Information supplied Block Start

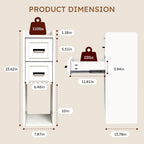Narrow White Nightstand, Wood Slim Bedside Tables for Small Bedroom, Modern End Table with Drawers, Perfect for Apartments, Rente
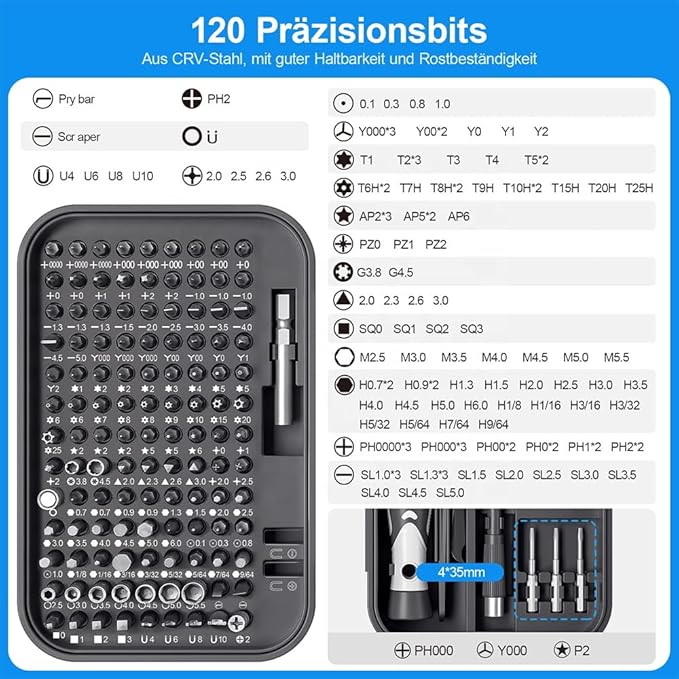 Compact Mini Screwdriver and Bit Set – Portable Precision Tool Kit for DIY & Professional Repairs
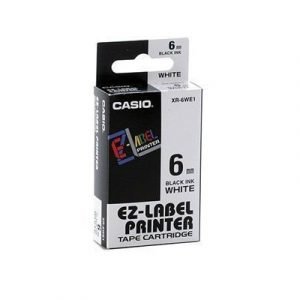 Casio Tape Xr-6we 6mm Black/white Back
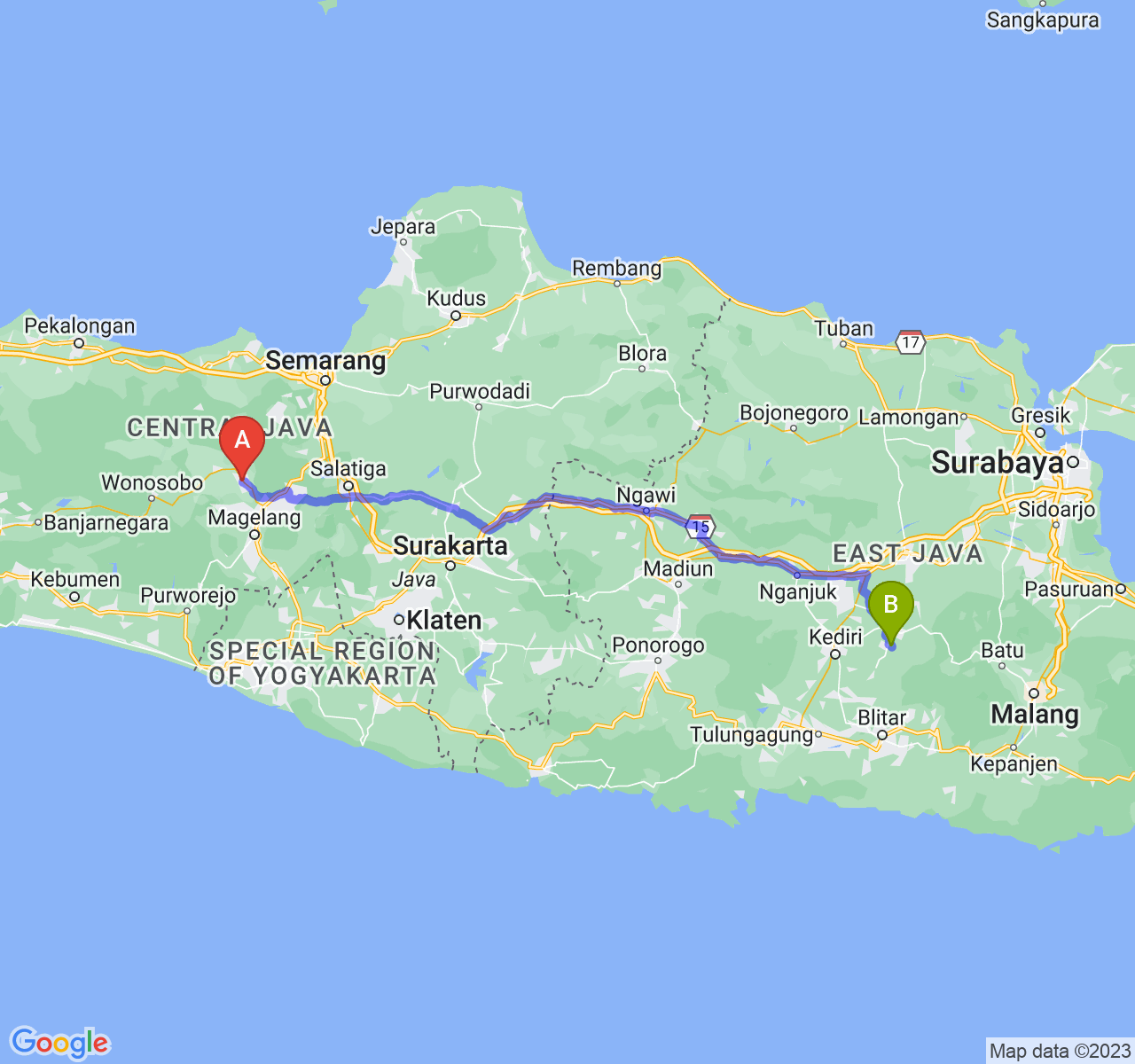 rute perjalanan Kab. Temanggung-Kab. Kediri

Information supplied Block End

» **Task details**
Only the lines from the one containing "Compact Mini Screwdriver" through the last line of the material are to be restated word for word; no picture is to be included.

» **Problem solution**
 Compact Mini Screwdriver and Bit Set – Portable Precision Tool Kit for DIY & Professional Repairs
 Casio Tape Xr-6we 6mm Black/white Back
 rute perjalanan Kab. Temanggung-Kab. Kediri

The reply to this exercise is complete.